SAN JOSE, Calif. Hewlett-Packard, Intel and Yahoo have partnered with three research groups to create an open source test bed for research in cloud-computing, the concept of using globally distributed computers as a platform for delivering services. In May, Google and IBM announced a similar research collaboration working with MIT, Stanford, and Carnegie Mellon in a Linux-based environment.
HP, Intel and Yahoo have partnered with the Infocomm Development Authority of Singapore (IDA), the University of Illinois at Urbana-Champaign, and the Karlsruhe Institute of Technology in Germany. Each partner will host a cloud computing research site, largely based on HP and Intel hardware with 1,000 to 4,000 processor cores.
The test beds will undertake research and training in a wide array of Internet-scale computing issues. Work is expected to span subjects ranging from data center hardware design to systems and applications software issues including automatic resource allocation, scheduling, monitoring and management.

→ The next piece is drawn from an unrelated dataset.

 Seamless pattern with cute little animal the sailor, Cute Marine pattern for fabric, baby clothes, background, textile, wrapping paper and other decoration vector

The test beds are expected to be operational and made available to researchers through a selection process later this year. They will generally run open source software including Apache Hadoop and Pig, the parallel programming language developed by Yahoo Research. In addition, Intel will support Tashi, an open source cluster management system for cloud computing.
"With this test bed, not only can researchers test applications at Internet scale, they will also have access to the underlying computing systems to advance understanding of how systems software and hardware function in a cloud environment," said Prabhakar Raghavan, head of Yahoo Research, speaking in a prepared statement.

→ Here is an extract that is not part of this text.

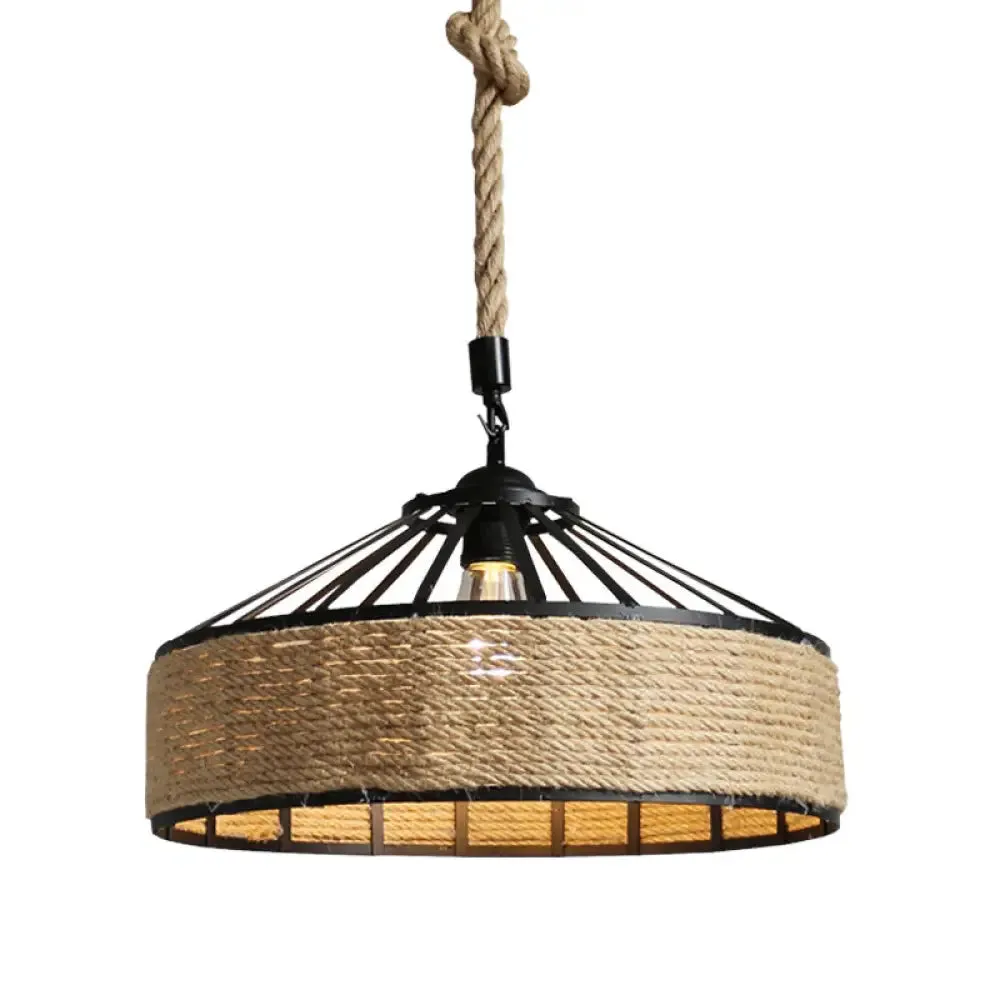 Industrial Barn Pendant Light with Adjustable Hemp Rope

Raghavan joined Yahoo from IBM Research in 2005 with a mandate to build a research division for the company focused on an emerging field of what he calls Internet sciences.
"Cloud computing is considered by many to be the next paradigm shift in computer technology, and this may be the next 'platform' for innovative ecosystems." said Khoong Hock Yun, an assistant chief executive at IDA in Singapore, also speaking in the group's press statement.

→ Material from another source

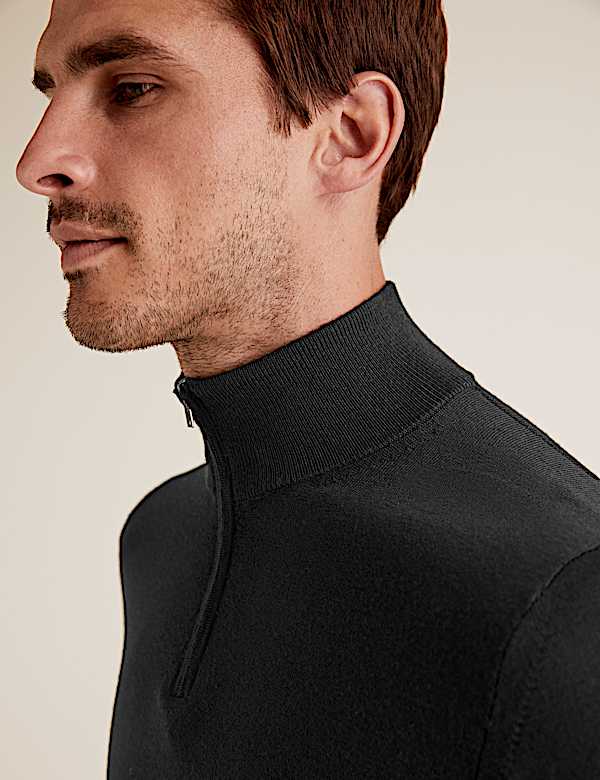 Pure Extra Fine Merino Half Zip Jumper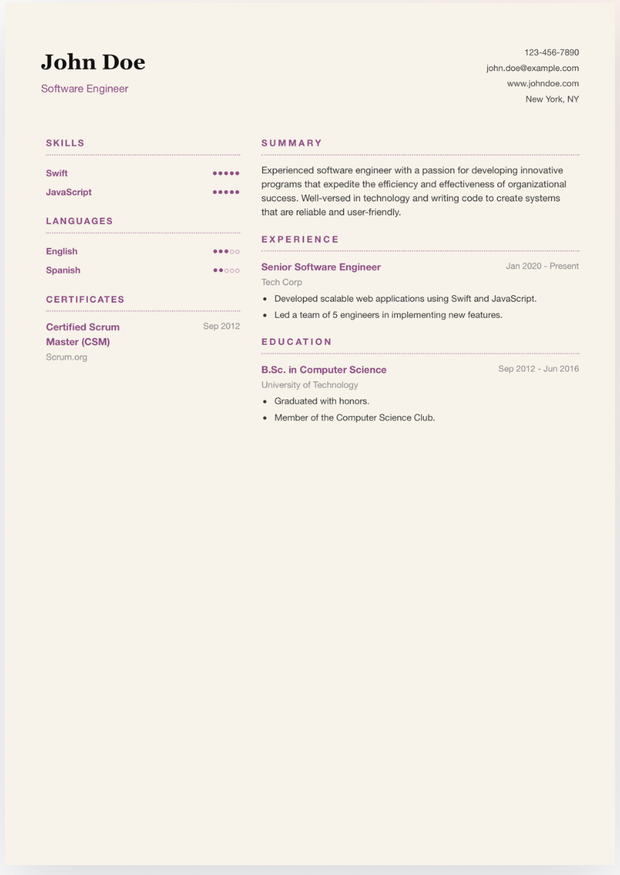 Cream resume template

Through IDA in Singapore and the National Science Foundation in the U.S., both countries' governments are participating in the effort.
"To realize the full potential of cloud computing, the technology industry must think about the cloud as a platform for creating new services and experiences," said Prith Banerjee, director of HP Labs in the group statement. "This requires an entirely new approach to the way we design, deploy and manage cloud infrastructure and services," he added.
HP hopes to use the test bed to experiment in radically new architectures for the data center, Banerjee added in a conference call the partners held. "This multiple data center approach lets us test out ideas at scale," he said.
"Creating large-scale test beds is important because they lower barriers to innovation and provide the opportunity to experiment and learn at scale," said Andrew A. Chien, director of Intel Research, speaking in the statement.
In the conference call Chien said the new partnership has a broader research focus that the IBM/Google effort.
"My understanding is the IBM/Google partnership is focused on applications," Chien said. "We're trying to support research at a variety of levels including systems software and even hardware Intel might put in its future silicon," he said.
The partnership follows two similar moves from Yahoo. In November 2007, the Internet search company opened a cloud computing research site with Carnegie Mellon University as its first partner. In May 2008, Yahoo struck an agreement to do cloud computing research on a supercomputing system hosted by India's Computational Research Laboratories.
Yahoo also hosted earlier this year the Hadoop Summit and Data-Intensive Computing Symposium to bring together researchers working in the field. Also this year, HP formed a so-called Scalable Computing and Infrastructure Organization to address this emerging market.